## [What the task asks]
Retype, without changes or pictures, only the lines that begin at the one containing "Ephemeroptera - Poster (Frente)" and end at the last line of the records that follow.

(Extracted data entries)

+---+

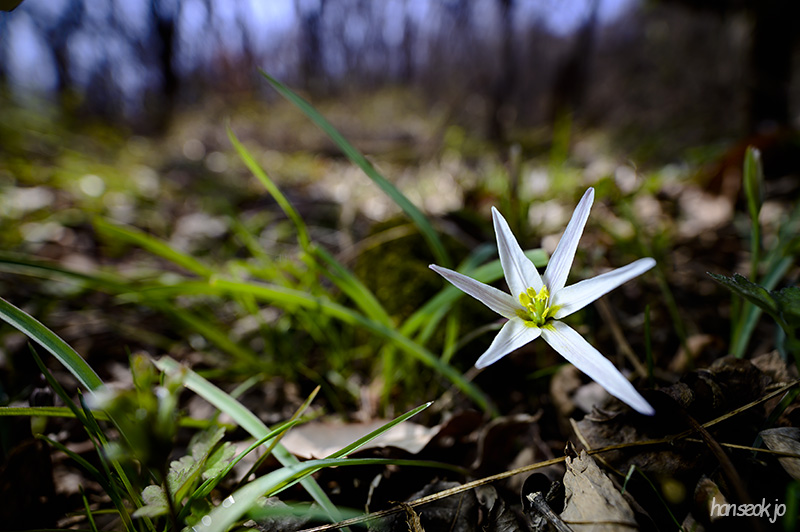 DSC_1866.jpg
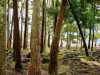 Azoren_Sao_Miguel_42 Azoren_Sao_Miguel_42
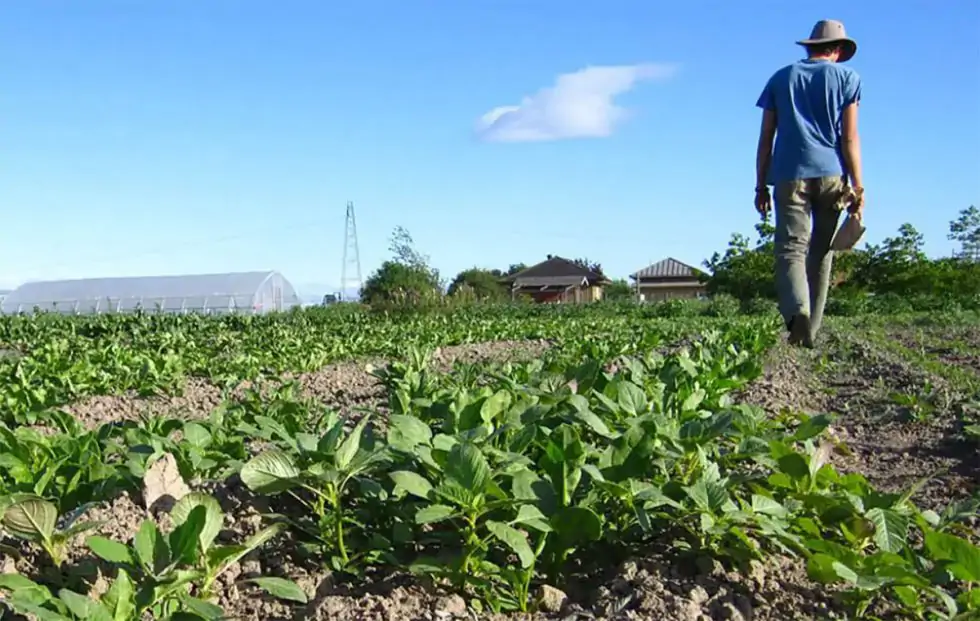 El Gobierno autoriza 1,5 millones para ampliar ayudas a agricultores afectados por el incremento del precio de los fertilizantes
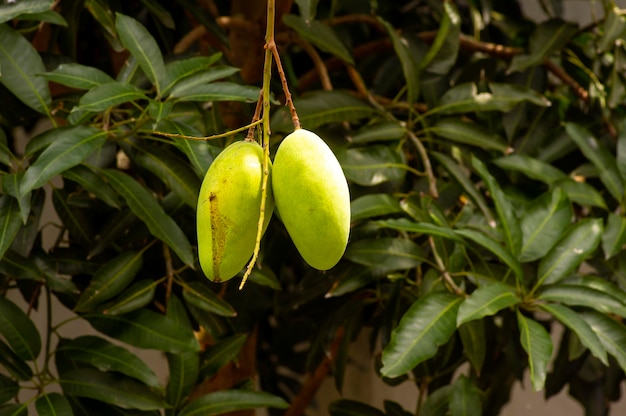 Drzewo mango Mangifera indica z zielonymi owocami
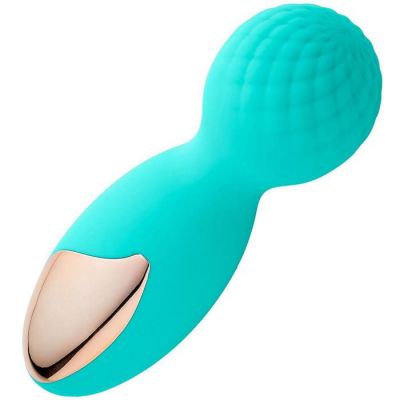 Health Wellness Petite Flexi Massager Wand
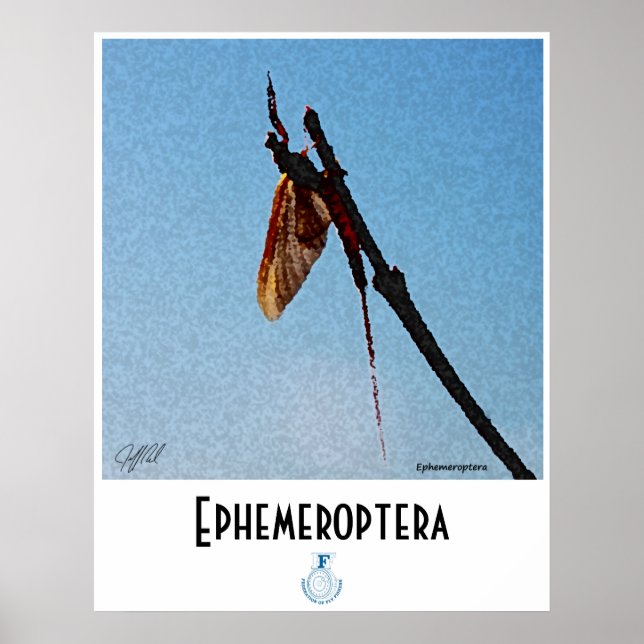 Ephemeroptera - Poster (Frente)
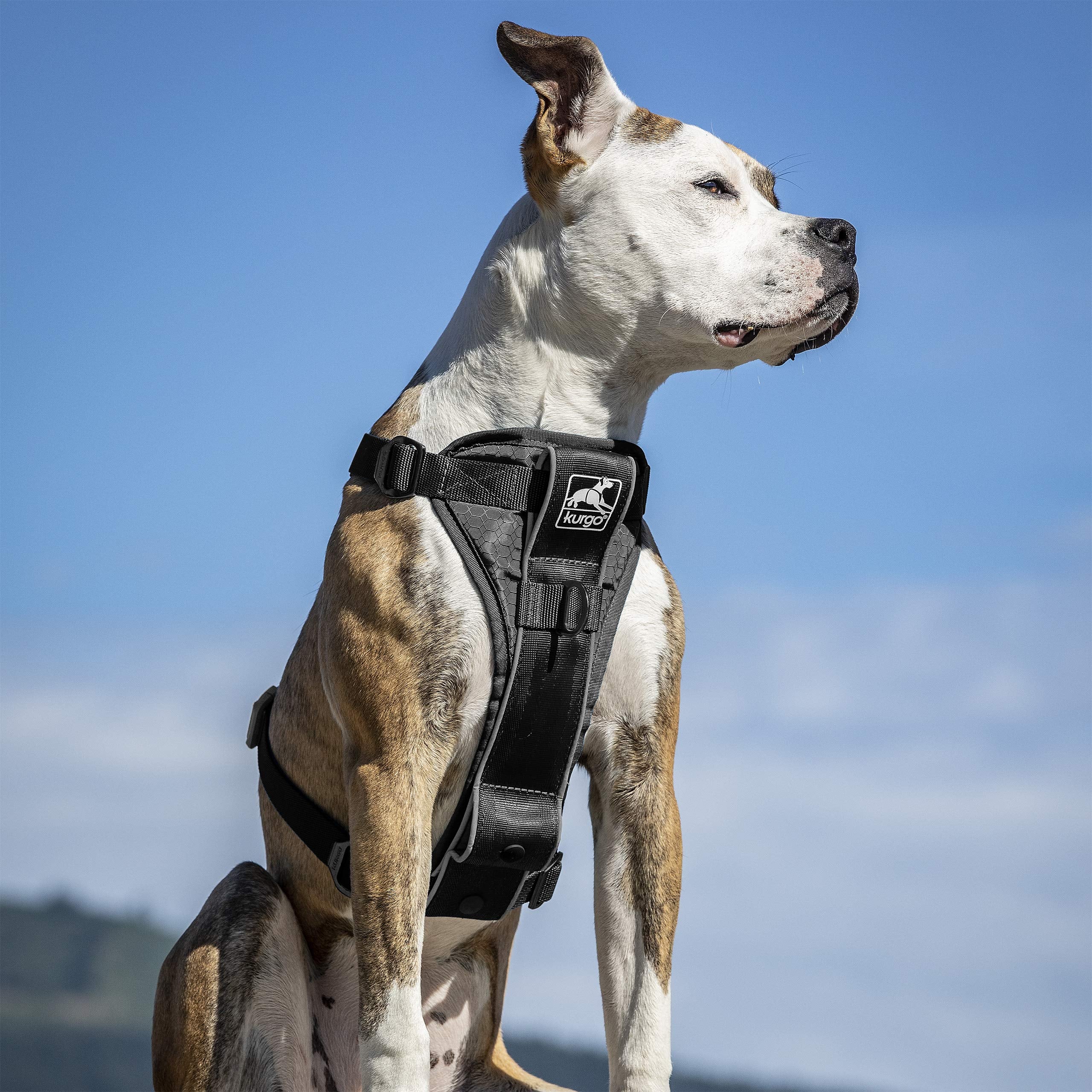 Kurgo Tru-Fit Arnés con almohadilla de pecho para mayor confort durante caminatas diarias.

+---+

## [Answer area]
 Ephemeroptera - Poster (Frente)
 Kurgo Tru-Fit Arnés con almohadilla de pecho para mayor confort durante caminatas diarias.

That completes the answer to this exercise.